- Your task
As you print the data below, keep every line exactly as it is and leave the images behind.

[Collected data entries]
——————————

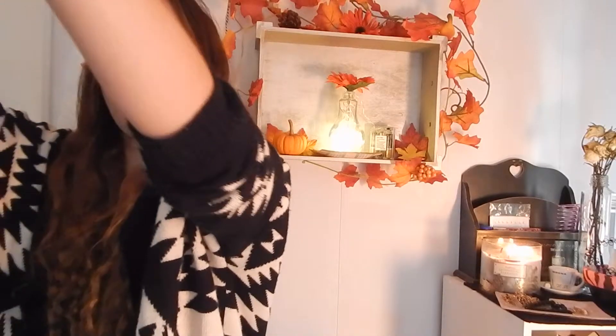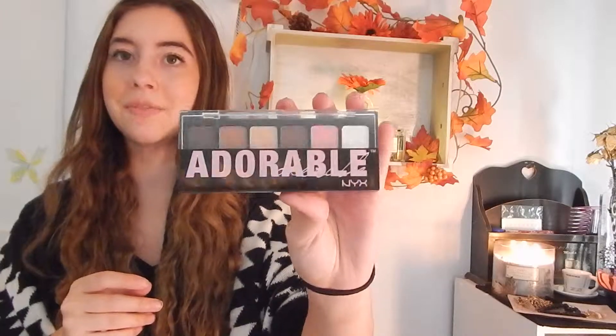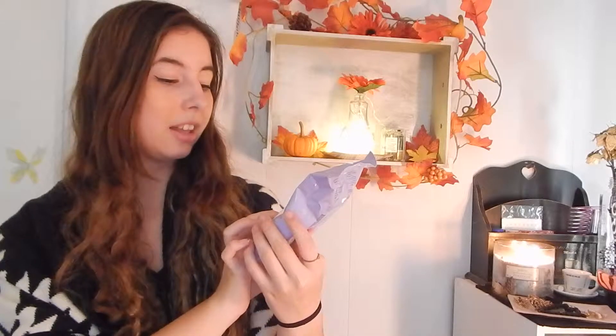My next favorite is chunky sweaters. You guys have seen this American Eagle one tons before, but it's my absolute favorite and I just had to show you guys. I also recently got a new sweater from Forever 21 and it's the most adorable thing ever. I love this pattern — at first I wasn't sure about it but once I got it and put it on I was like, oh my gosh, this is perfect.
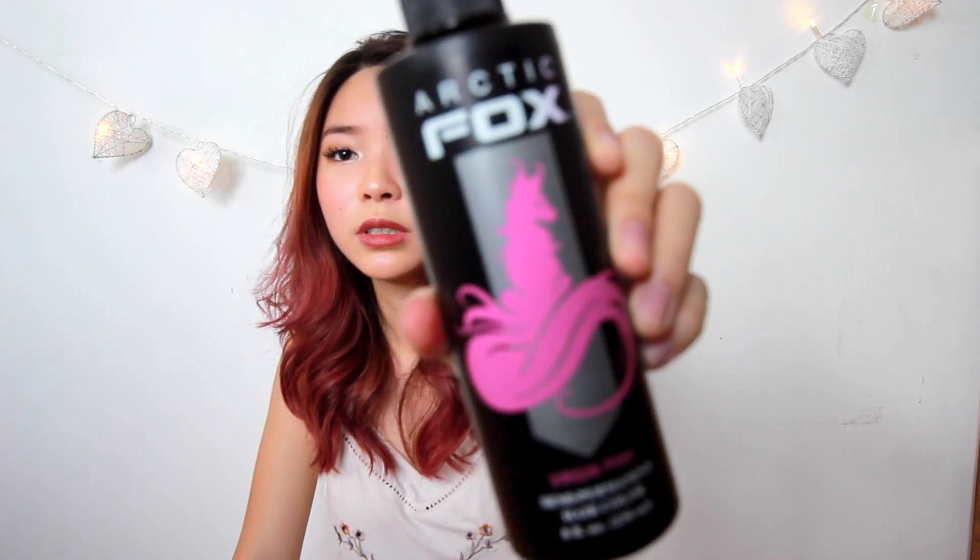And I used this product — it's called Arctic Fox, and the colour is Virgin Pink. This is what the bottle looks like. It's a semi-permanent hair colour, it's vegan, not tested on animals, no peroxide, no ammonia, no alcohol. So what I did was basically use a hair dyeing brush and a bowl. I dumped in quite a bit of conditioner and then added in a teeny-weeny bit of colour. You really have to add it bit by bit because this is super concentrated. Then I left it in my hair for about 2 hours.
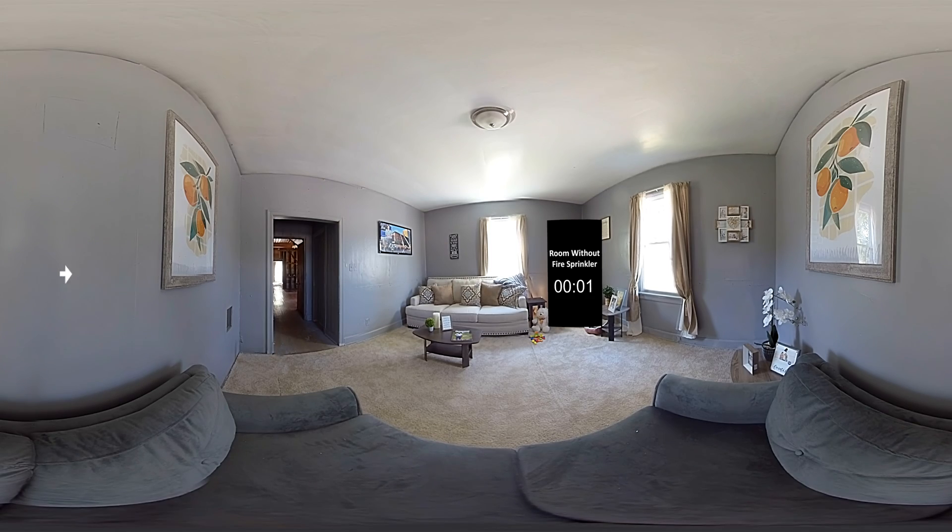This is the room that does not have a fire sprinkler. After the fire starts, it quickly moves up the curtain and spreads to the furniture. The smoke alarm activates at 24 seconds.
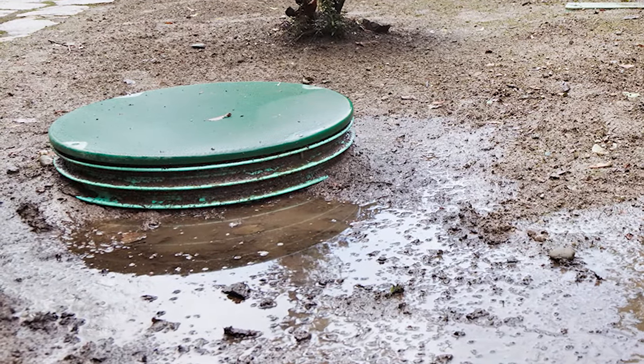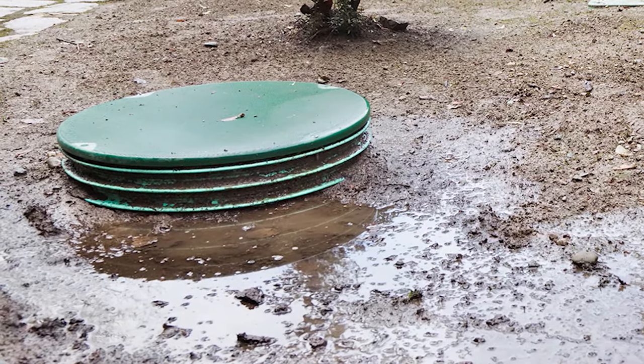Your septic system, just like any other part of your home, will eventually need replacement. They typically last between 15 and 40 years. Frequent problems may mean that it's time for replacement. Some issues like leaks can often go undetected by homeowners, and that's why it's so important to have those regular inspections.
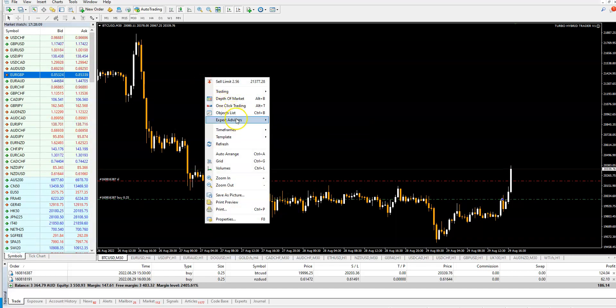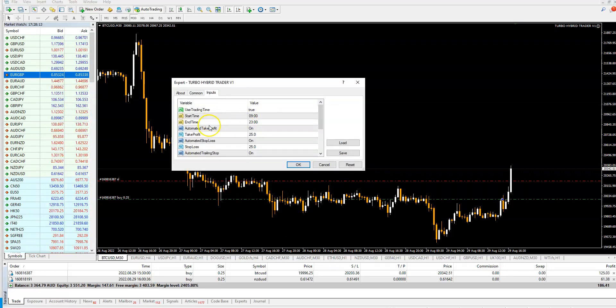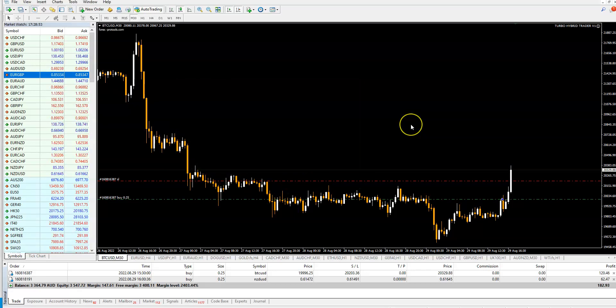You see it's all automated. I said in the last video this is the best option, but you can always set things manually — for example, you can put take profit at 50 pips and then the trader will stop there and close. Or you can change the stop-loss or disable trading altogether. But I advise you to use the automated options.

——————————

- Answer to this task
My next favorite is chunky sweaters. You guys have seen this American Eagle one tons before, but it's my absolute favorite and I just had to show you guys. I also recently got a new sweater from Forever 21 and it's the most adorable thing ever. I love this pattern — at first I wasn't sure about it but once I got it and put it on I was like, oh my gosh, this is perfect.
And I used this product — it's called Arctic Fox, and the colour is Virgin Pink. This is what the bottle looks like. It's a semi-permanent hair colour, it's vegan, not tested on animals, no peroxide, no ammonia, no alcohol. So what I did was basically use a hair dyeing brush and a bowl. I dumped in quite a bit of conditioner and then added in a teeny-weeny bit of colour. You really have to add it bit by bit because this is super concentrated. Then I left it in my hair for about 2 hours.
This is the room that does not have a fire sprinkler. After the fire starts, it quickly moves up the curtain and spreads to the furniture. The smoke alarm activates at 24 seconds.
Your septic system, just like any other part of your home, will eventually need replacement. They typically last between 15 and 40 years. Frequent problems may mean that it's time for replacement. Some issues like leaks can often go undetected by homeowners, and that's why it's so important to have those regular inspections.
You see it's all automated. I said in the last video this is the best option, but you can always set things manually — for example, you can put take profit at 50 pips and then the trader will stop there and close. Or you can change the stop-loss or disable trading altogether. But I advise you to use the automated options.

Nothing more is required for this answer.